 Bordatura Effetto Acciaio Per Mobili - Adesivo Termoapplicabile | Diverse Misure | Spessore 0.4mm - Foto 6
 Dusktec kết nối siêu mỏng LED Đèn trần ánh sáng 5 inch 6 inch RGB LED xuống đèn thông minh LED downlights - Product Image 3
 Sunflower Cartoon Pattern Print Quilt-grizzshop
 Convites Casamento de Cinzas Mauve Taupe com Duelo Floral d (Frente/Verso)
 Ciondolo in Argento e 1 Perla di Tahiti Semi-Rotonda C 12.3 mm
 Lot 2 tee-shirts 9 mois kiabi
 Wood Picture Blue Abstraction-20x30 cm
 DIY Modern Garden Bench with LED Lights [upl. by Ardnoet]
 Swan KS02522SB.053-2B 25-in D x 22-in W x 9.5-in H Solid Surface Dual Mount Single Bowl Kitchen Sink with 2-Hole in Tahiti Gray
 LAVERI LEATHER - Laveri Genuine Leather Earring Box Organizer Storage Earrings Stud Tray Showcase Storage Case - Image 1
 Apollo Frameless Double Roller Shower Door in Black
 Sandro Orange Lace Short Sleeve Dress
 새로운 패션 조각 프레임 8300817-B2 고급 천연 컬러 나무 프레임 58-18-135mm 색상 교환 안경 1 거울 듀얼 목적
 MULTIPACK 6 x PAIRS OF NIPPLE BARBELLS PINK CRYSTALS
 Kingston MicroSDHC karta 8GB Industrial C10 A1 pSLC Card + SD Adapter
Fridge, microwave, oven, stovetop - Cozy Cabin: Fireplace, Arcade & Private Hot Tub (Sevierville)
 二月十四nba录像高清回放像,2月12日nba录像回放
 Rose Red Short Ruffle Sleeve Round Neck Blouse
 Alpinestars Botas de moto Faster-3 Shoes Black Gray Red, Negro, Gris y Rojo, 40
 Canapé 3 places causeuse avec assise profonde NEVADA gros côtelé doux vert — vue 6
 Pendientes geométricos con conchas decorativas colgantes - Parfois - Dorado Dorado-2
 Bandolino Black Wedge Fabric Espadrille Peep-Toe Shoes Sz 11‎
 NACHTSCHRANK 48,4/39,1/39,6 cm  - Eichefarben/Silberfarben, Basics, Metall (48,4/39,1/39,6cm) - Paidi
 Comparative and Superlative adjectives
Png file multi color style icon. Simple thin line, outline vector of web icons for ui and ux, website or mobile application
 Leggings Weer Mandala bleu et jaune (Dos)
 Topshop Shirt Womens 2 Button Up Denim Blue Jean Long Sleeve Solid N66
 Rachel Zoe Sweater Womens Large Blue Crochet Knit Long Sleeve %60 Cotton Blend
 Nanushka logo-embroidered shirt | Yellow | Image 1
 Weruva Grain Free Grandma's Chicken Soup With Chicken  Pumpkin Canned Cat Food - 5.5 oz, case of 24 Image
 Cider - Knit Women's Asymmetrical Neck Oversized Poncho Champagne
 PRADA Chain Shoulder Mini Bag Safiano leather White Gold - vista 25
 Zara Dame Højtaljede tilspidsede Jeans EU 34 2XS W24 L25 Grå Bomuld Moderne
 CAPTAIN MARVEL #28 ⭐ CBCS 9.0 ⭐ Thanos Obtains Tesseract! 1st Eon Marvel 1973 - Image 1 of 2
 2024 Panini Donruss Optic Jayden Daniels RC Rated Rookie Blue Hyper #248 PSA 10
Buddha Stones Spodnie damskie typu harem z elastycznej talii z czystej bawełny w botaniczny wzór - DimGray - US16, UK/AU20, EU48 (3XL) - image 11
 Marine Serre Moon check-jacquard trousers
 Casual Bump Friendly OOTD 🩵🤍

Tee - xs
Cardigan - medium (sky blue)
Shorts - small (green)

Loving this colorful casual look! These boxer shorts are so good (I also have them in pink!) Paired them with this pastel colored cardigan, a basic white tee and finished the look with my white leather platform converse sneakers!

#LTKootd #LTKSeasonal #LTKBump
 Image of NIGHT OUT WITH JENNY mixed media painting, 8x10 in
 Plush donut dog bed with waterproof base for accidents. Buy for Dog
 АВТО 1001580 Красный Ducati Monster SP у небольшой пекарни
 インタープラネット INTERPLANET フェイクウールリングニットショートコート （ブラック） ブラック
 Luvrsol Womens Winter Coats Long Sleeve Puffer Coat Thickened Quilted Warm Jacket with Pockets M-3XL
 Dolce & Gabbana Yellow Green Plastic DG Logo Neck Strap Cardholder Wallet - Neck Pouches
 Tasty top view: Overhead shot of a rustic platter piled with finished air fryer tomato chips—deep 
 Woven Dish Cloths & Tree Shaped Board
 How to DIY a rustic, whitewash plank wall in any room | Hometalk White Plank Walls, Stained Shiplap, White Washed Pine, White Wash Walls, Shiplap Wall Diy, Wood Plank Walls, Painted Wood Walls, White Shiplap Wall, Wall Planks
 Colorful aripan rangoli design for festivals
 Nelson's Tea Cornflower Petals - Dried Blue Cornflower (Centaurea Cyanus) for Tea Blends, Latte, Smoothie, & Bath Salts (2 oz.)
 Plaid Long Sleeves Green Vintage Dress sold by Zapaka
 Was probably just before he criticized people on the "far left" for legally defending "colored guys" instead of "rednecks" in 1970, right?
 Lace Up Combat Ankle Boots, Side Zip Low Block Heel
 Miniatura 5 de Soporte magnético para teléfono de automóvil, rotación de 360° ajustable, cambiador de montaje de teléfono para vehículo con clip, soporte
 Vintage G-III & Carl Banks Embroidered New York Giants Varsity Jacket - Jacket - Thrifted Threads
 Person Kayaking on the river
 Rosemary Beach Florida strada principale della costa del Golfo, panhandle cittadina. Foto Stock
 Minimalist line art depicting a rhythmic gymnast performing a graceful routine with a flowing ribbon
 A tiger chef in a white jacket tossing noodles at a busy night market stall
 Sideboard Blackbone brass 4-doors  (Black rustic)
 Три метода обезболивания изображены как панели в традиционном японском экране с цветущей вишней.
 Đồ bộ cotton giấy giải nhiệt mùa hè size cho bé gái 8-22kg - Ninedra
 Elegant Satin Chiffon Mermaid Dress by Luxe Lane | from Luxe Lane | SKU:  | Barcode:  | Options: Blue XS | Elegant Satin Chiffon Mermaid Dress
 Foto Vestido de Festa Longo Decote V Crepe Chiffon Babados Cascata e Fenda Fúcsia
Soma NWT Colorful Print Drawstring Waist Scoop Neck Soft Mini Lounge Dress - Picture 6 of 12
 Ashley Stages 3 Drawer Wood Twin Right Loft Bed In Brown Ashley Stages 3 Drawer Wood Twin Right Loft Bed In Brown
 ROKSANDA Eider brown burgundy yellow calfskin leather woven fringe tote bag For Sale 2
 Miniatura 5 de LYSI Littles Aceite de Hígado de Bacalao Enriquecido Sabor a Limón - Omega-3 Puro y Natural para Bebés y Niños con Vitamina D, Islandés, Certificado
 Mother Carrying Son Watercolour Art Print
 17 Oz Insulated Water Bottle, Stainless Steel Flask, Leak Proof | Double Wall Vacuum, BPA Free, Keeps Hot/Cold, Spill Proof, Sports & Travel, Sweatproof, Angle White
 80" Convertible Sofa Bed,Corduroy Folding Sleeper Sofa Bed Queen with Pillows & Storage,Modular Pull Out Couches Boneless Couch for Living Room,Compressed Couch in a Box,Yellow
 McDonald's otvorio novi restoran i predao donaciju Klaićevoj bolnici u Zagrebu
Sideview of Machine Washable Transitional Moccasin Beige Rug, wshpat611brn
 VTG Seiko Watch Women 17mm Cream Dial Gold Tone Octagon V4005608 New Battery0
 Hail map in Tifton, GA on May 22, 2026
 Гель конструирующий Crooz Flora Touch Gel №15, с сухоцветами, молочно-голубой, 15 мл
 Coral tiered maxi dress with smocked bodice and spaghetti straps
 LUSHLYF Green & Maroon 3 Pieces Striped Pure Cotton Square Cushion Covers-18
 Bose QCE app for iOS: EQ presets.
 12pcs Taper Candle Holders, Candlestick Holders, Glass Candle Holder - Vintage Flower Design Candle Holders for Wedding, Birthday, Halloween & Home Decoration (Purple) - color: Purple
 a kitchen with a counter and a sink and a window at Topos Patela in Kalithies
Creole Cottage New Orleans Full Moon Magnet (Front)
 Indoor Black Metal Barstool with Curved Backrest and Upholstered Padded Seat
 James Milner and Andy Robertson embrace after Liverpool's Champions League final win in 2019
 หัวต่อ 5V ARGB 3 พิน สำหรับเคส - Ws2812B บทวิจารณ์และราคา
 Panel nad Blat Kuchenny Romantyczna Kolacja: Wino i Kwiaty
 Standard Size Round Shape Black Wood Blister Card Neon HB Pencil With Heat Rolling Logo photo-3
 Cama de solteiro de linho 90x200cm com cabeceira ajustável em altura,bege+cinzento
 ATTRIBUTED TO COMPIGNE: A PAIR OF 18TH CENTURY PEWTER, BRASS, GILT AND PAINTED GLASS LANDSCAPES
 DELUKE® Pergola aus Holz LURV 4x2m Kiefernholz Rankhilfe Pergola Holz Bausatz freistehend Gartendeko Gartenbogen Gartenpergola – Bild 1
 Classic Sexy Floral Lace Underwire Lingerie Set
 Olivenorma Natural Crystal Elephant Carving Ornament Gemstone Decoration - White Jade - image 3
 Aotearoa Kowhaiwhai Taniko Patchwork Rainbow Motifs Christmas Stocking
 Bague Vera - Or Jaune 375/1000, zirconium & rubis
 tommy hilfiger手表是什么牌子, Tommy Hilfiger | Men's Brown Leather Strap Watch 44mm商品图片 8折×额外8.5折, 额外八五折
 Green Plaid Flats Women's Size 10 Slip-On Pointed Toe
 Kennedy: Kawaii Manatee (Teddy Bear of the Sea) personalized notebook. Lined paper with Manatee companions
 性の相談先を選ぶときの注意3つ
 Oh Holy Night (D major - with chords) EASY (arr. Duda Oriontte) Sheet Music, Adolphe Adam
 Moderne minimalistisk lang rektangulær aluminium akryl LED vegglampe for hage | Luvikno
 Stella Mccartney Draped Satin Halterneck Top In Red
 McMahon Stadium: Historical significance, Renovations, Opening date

----------------

In the listing above, locate the line containing "Hail map in Tifton, GA on May 22, 2026" and the line containing "Cama de solteiro", then transcribe both and every line between them verbatim.

▸ **RESPONSE TO THE TASK**:
 Hail map in Tifton, GA on May 22, 2026
 Гель конструирующий Crooz Flora Touch Gel №15, с сухоцветами, молочно-голубой, 15 мл
 Coral tiered maxi dress with smocked bodice and spaghetti straps
 LUSHLYF Green & Maroon 3 Pieces Striped Pure Cotton Square Cushion Covers-18
 Bose QCE app for iOS: EQ presets.
 12pcs Taper Candle Holders, Candlestick Holders, Glass Candle Holder - Vintage Flower Design Candle Holders for Wedding, Birthday, Halloween & Home Decoration (Purple) - color: Purple
 a kitchen with a counter and a sink and a window at Topos Patela in Kalithies
Creole Cottage New Orleans Full Moon Magnet (Front)
 Indoor Black Metal Barstool with Curved Backrest and Upholstered Padded Seat
 James Milner and Andy Robertson embrace after Liverpool's Champions League final win in 2019
 หัวต่อ 5V ARGB 3 พิน สำหรับเคส - Ws2812B บทวิจารณ์และราคา
 Panel nad Blat Kuchenny Romantyczna Kolacja: Wino i Kwiaty
 Standard Size Round Shape Black Wood Blister Card Neon HB Pencil With Heat Rolling Logo photo-3
 Cama de solteiro de linho 90x200cm com cabeceira ajustável em altura,bege+cinzento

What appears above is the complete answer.